We take about twice as long, with the base API. with the easy API, we take even longer.

Ideas

Build up a table before inserting, rather than looking up the table on each key-value
Dig through parser, looking for unneeded allocations
kstring or something like it
change our hash function

epage · 2021-09-22T15:22:01Z

My plan is to write up a bench for cargo to see how it performs in a more real-world use case and work with others on setting an acceptable performance target. I'll then look at holistic performance improvements, like using a String type in cargo and toml_edit with small-string optimization or caching parsed results for immutable Cargo.tomls (ie in the registry) in a more optimizable format, like json or cbor.

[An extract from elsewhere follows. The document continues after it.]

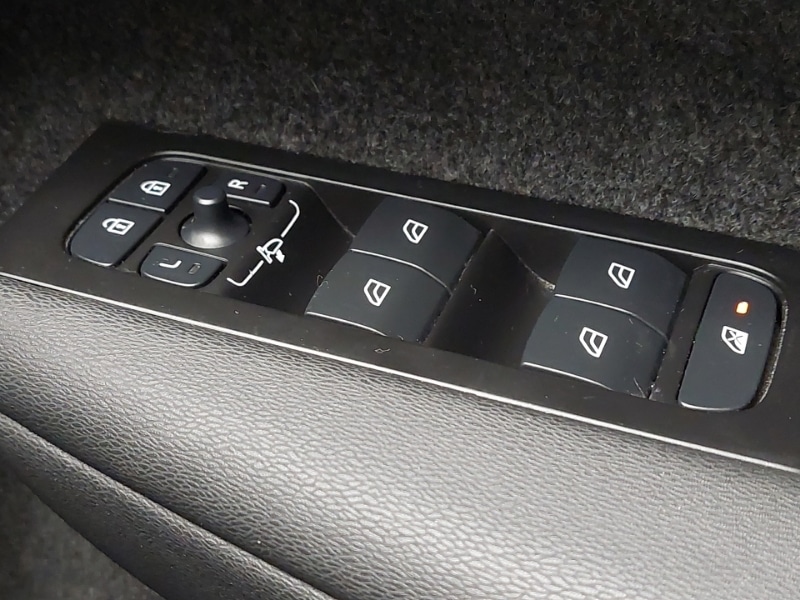 Used Volvo XC40 2022 for sale - 77265247: Photo 17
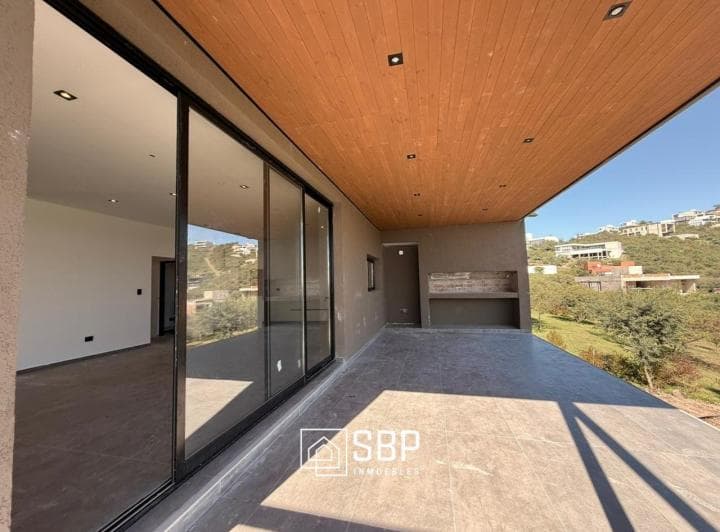 Oportunidad en La Deseada | 1100 m² | 3 Dorm - 3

rust-lang/cargo#9935 is relevant for the benchmark

epage · 2021-09-24T21:59:51Z

I've done small-string optimization for formatting and keys and various other improvements and brought parse time on a medium Cargo.toml from 250us to 200us.

Potential next steps

Switch parsers (I saw a lot of overhead from combine)
Do small string optimization for values (hesitant to do this)

I guess I'm stuck with the above plan of moving from micro-benchmark to real-world resolver benchmarks.

epage · 2021-09-29T01:56:46Z

We've now dropped from the original 250us to 180us. Still a good distance to the goal of 120us.

combine's Errors::merge is one of our biggest time sinks that seems "easy" to cut. Easy because technically, we have no user-facing errors and we shouldn't need to call this at all. However, what it takes to get combine to recognize that is another thing.

epage · 2021-09-29T15:13:51Z

Current breakdown for running my example, without printing

30% of time is spent in process startup (included since it skews the other percentages)
10% of time is spent copying strings (unaligned copies due to small-string optimization)
1.34% of time is spent in std::str::from_utf8 (I was paranoid and didn't use from_utf8_unchecked in some places when switching to a byte parser, looks small enough to not be worth analyzing)
8% of time is malloc
1.5% of time is realloc
7.8% of time is spent in a combine call Errors::merge (which includes calling into malloc and realloc)

epage · 2021-09-29T15:20:58Z

Errors::merge seems like the lowest hanging fruit because its an error cost hitting us when no user-visible errors happen. From what I understand, this mostly comes from choice trying multiple parsers and returning their failures. Once a parser "commits" (default behavior), it no longer does merging. If we use attempt, the parser doesn't commit and errors get merged.

Looks like the only options for dropping the Errors::merge overhead

Replace choice with dispatch
- This can really much up the grammar and break abstractions because the dispatch call needs to have knowledge of what the underlying parsers
- This is a game of whack-a-mole
Find ways to remove attempt
- This is hard
- This is a game of whack-a-mole
Create a custom stream (rather than combine::easy) that still gives good errors but doesn't cost so much
- Biggest risk but biggest potential pay off since its a fix once and it applies everywhere
Switch to nom since it doesn't have these weird cases
- This would also make profiling easier because costs would be associated with functions, rather than combinators returned by those functions
- A decent amount of work (1-2 days)
- A bit uglier because they rely on functions more (no impl Parser for tuples, much fewer functions on Parser)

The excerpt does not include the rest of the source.